Differentiation of a scalar wrt a vector of the quadratic form
y=x'Ax where a is a matrix and x a vector
dy/dx = Ax+A'x = 2Ax if A is symmetric.
Now in the multidimensional Wiener filter we have a term
X'WW'X which needs differentiating wrt the matrix W.
We also have terms X'Wd and dW'X which need differentiating wrt the
matrix W.
H.
HardySpicer
Actually I just found this result from
www.che.iitm.ac.in/~naras/ch544/matrix.pdf
That if you differentiate the norm squared
||AX+b||^2
you get
2AXX' + 2bX'
using this and substituting
||-WX+d||^2
I get
-2WXX' +2dX'=0
Now since E[XX'] = R, the correlation matrix I get
WR=E[dX'] (1)
or
W=RdxR^-1
which is not the same result as in the paper. However, R is symmetric,
from (1)
W'R=E[Xd']
W'=R^-1 Rxd (Rxd is the cross-correlation matrix between X and d)
which is more like it. Now does W'=W ie is the filter weight matrix
symmetric??
H.
HardySpicer
Sorry - I should have said
That if you differentiate the norm squared
||AX+b||^2
with respect to A.
HardySpicer
oops it's right. I Had minimized ||-WX+d ||^2 when it should have been
||-W'X+d ||^2. all ok!
Tim Wescott
This is a solved problem if you bear in mind that a steady state Kalman
filter is really just a Wiener filter with a fancy name.

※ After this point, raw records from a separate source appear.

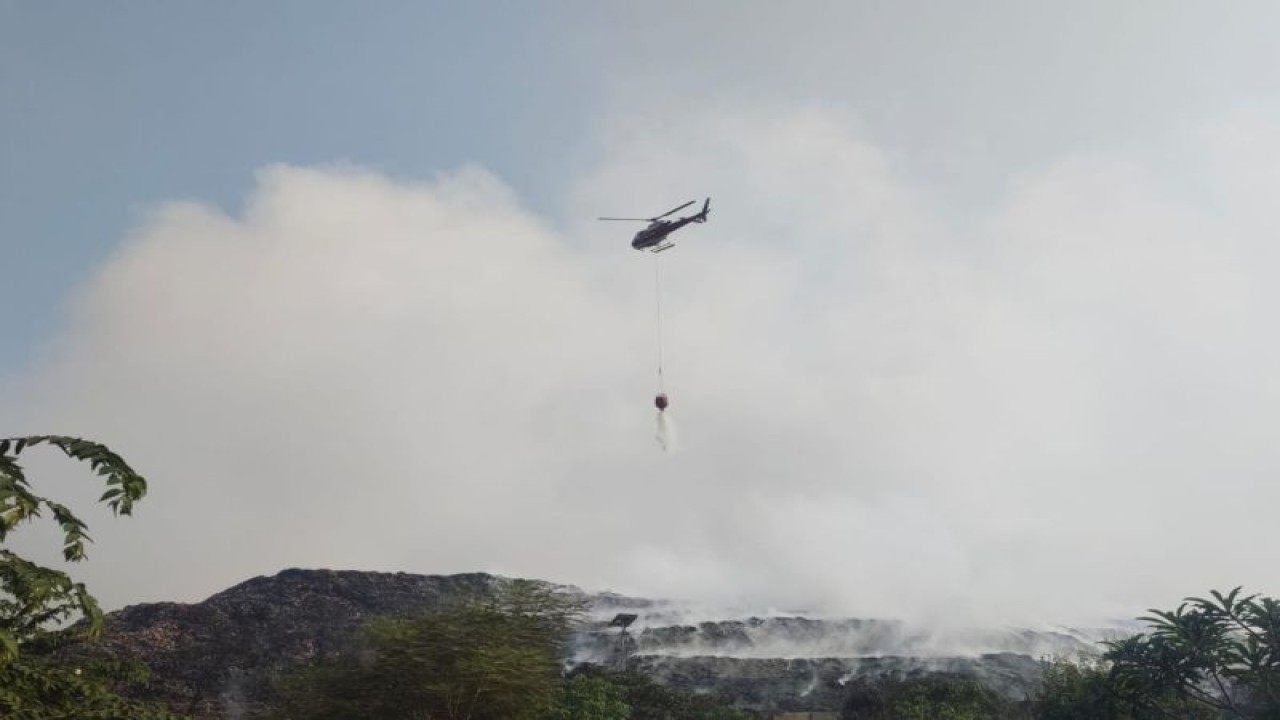 Helikopter water bombing milik BNPB diperbantukan untuk mengatasi kebakaran di TPA Rawakucing Kota Tangerang, Senin (23/10/2023) yang sudah terjadi sejak empat hari sebelumnya. ANTARA/Irfan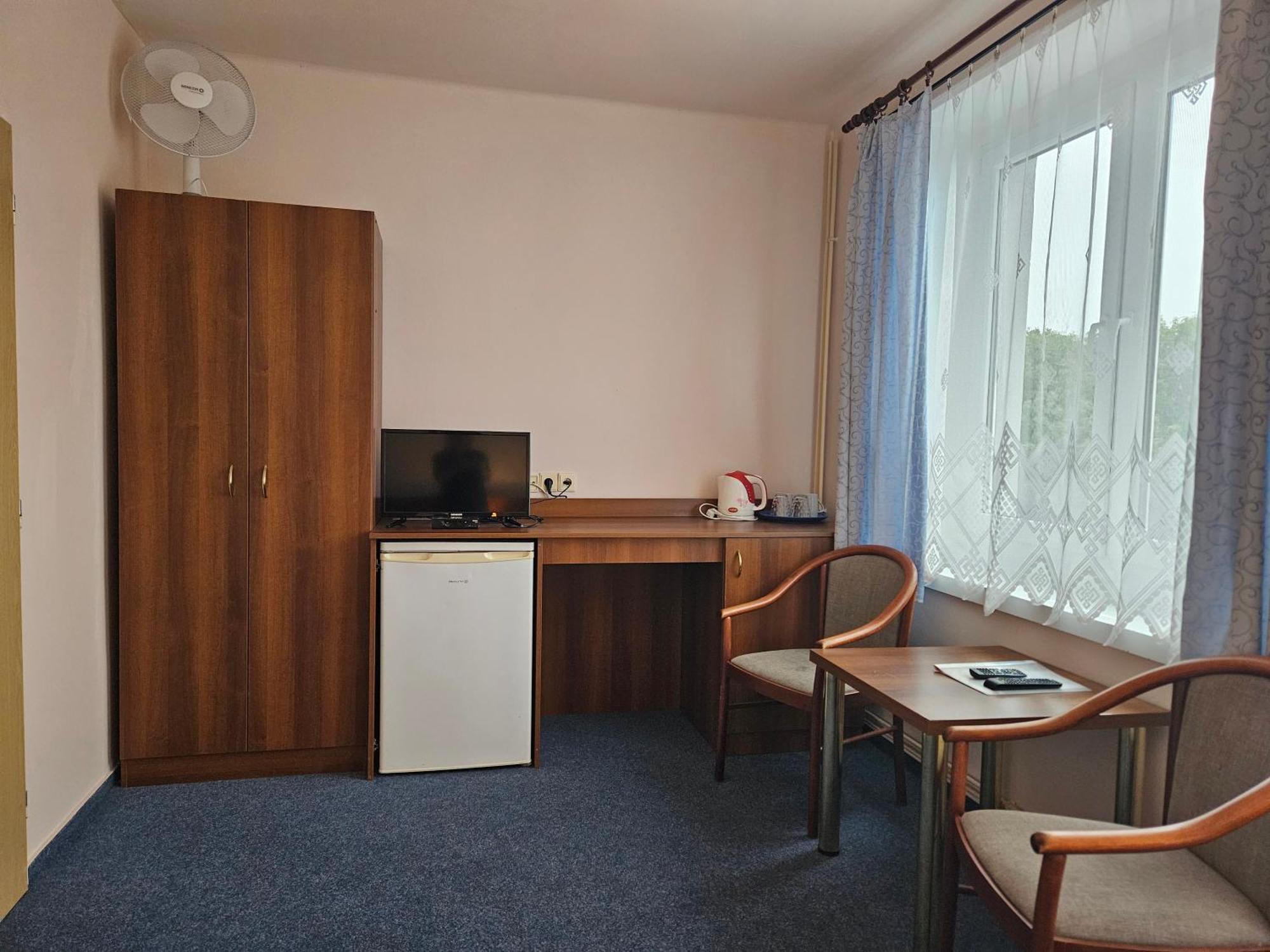 Hotel Trim Пардубице Екстериор снимка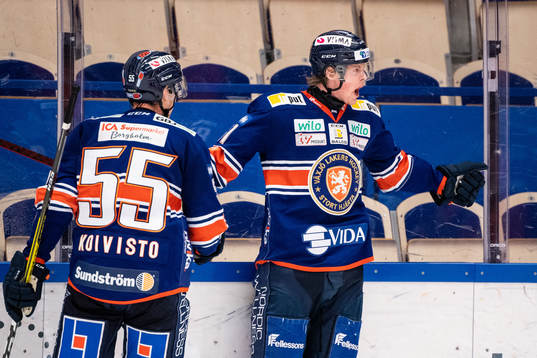 Växjös Fredrik Karlström (h) jublar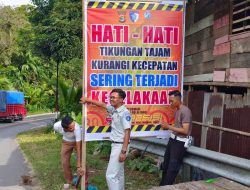 Tindak Lanjut Program FKLL Jasa Raharja Pasang Alat Cegah Laka serta Banner Pesan Keselamatan di Jembatan Pekon Way Sindi Utara Pesisir Barat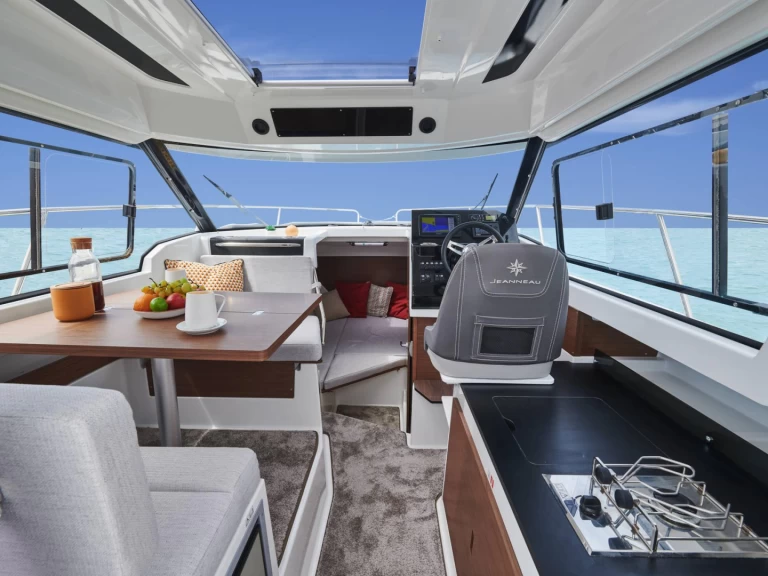 Hire Motorboat Jeanneau with a boat licence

Then web search accordingly.
--
Tim Wescott
Control systems and communications consulting
http://www.wescottdesign.com
Need to learn how to apply control theory in your embedded system?
"Applied Control Theory for Embedded Systems" by Tim Wescott
Elsevier/Newnes, http://www.wescottdesign.com/actfes/actfes.html
HardySpicer
>
> Need to learn how to apply control theory in your embedded system?
> "Applied Control Theory for Embedded Systems" by Tim Wescott
> Elsevier/Newnes,http://www.wescottdesign.com/actfes/actfes.html
Trouble with Kalman filters is that you need to solve a Ricatti
equation for the gain matrix.
With Polynomial or LMS type adaptive Wiener filters, the computation
is far less.
H.